**Activity:** From the line with "Комплект French Terry, Серый меланж, L/XL" to the line with "Metallic Coated Custom Cakes", retype every line exactly, including those two, and leave out the rest of the data below.

**Information given:**

= = =

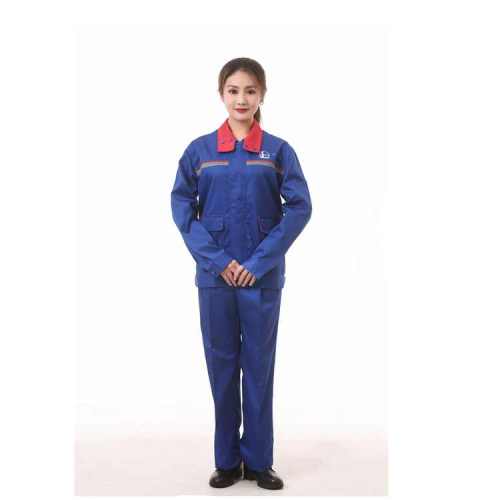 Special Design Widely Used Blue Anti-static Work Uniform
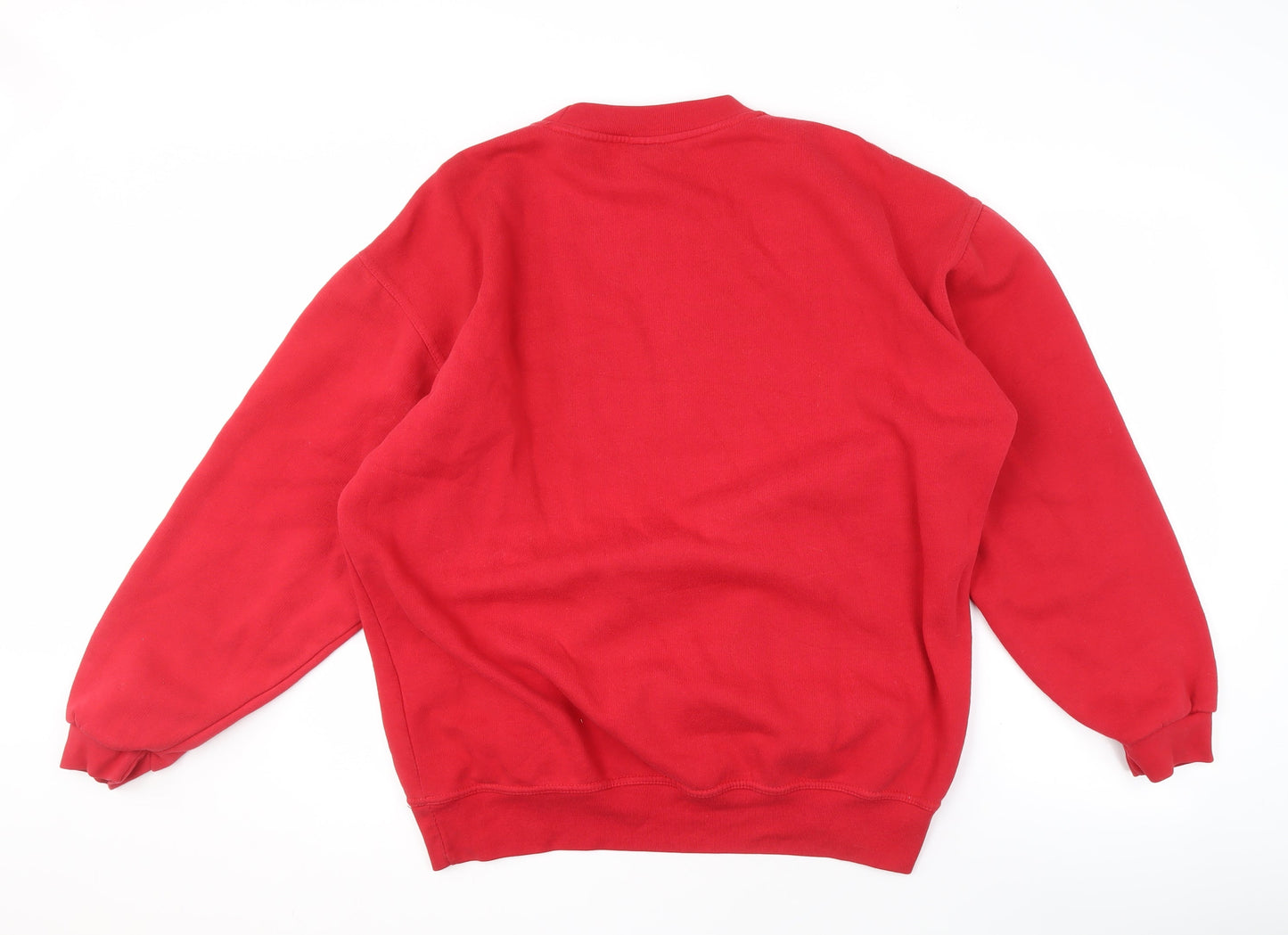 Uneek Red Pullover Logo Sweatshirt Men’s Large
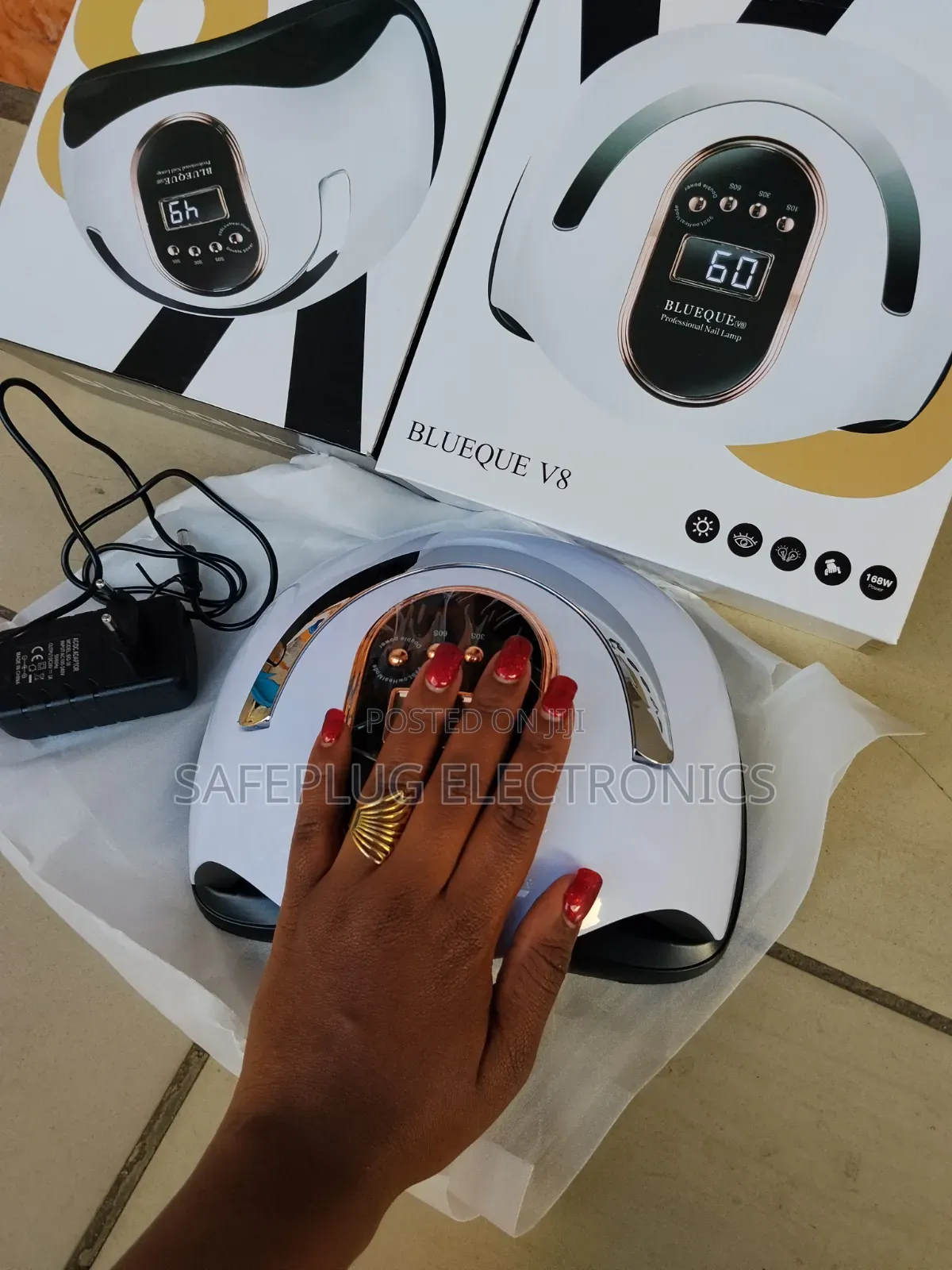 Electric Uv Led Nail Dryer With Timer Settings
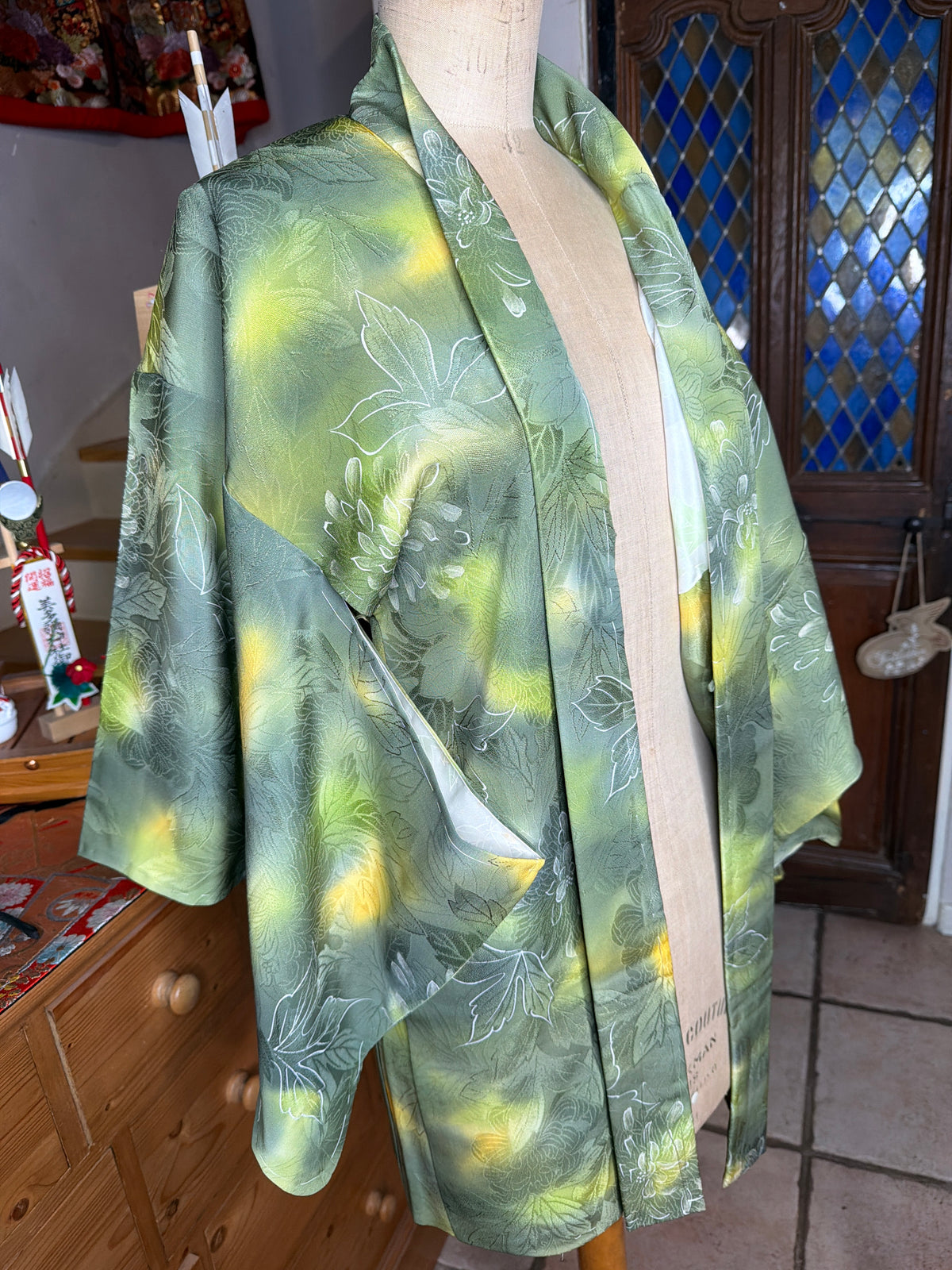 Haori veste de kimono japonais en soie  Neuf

= = =

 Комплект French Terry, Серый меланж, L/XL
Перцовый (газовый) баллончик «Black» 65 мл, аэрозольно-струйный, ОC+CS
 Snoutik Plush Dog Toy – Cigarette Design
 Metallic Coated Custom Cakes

= = =

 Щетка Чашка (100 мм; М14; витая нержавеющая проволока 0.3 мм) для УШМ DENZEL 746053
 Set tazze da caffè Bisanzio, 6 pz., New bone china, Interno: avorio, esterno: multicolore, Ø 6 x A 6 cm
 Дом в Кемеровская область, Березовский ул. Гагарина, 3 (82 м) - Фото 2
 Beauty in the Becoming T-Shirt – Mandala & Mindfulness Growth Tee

= = =

**Answer below:**
 Комплект French Terry, Серый меланж, L/XL
Перцовый (газовый) баллончик «Black» 65 мл, аэрозольно-струйный, ОC+CS
 Snoutik Plush Dog Toy – Cigarette Design
 Metallic Coated Custom Cakes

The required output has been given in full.